=== DATA BLOCK ===
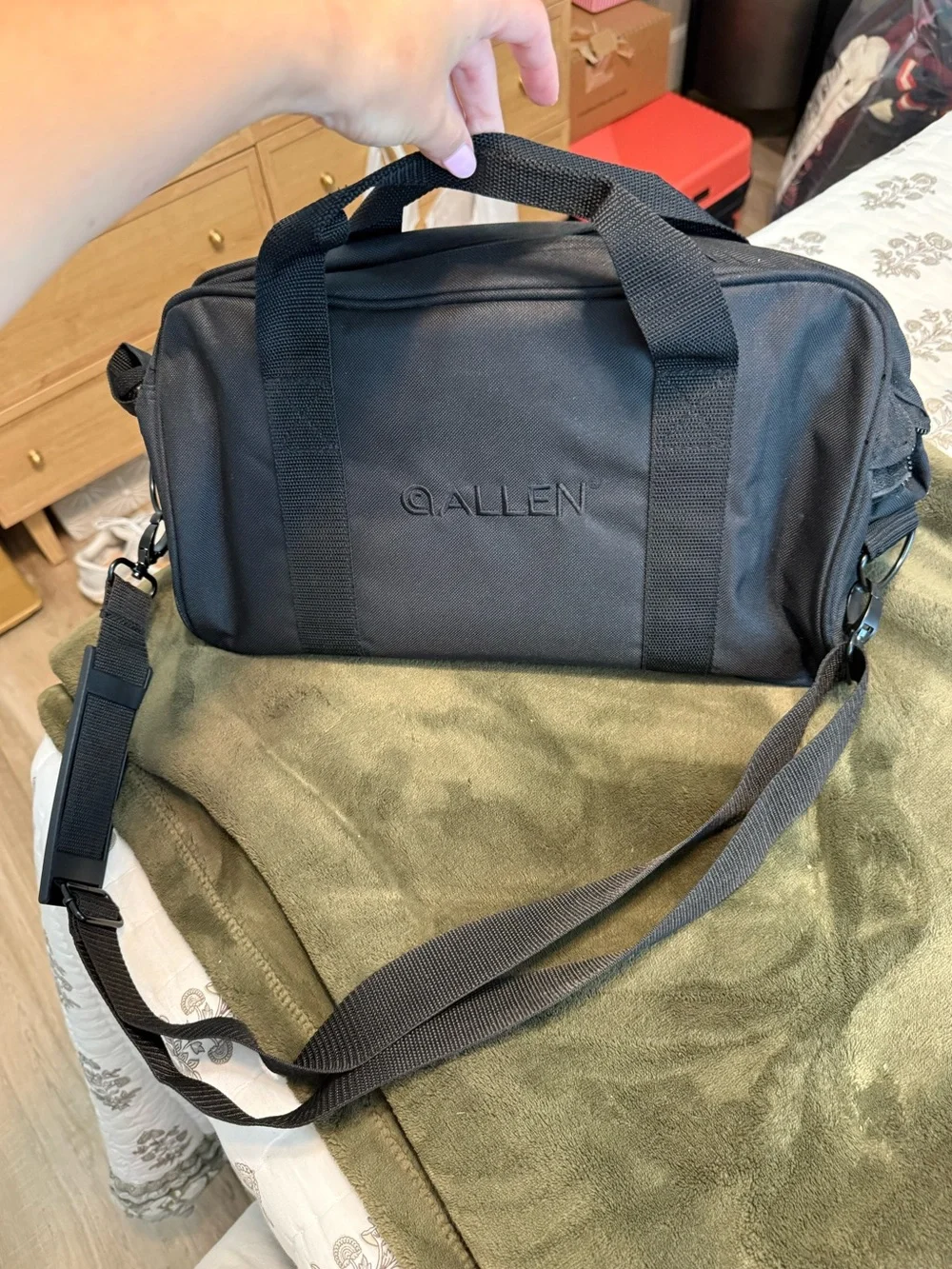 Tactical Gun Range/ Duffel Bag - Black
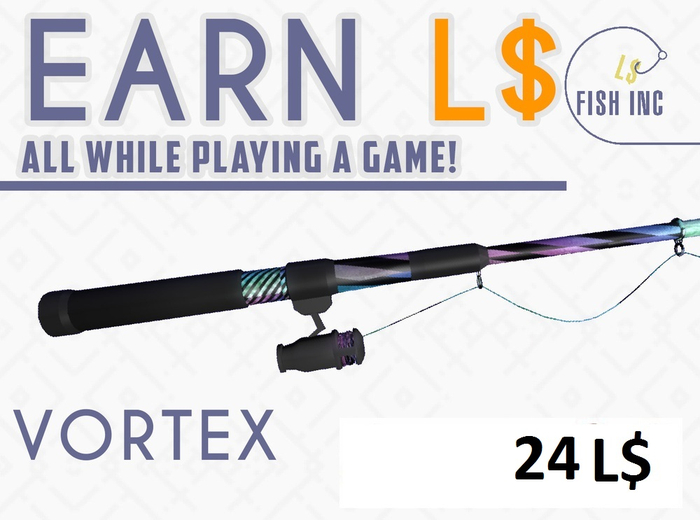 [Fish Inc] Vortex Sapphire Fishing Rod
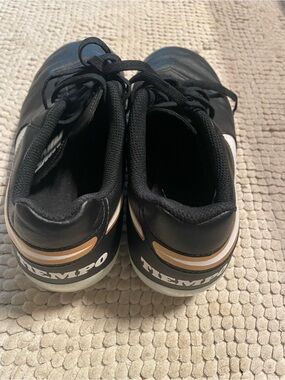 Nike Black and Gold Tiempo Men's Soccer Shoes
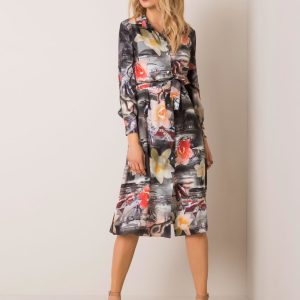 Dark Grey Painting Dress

=== PROMPT ===
Repeat the material above verbatim. Leave the pictures behind.

=== EXERCISE RESPONSE ===
 Tactical Gun Range/ Duffel Bag - Black
 [Fish Inc] Vortex Sapphire Fishing Rod
 Nike Black and Gold Tiempo Men's Soccer Shoes
 Dark Grey Painting Dress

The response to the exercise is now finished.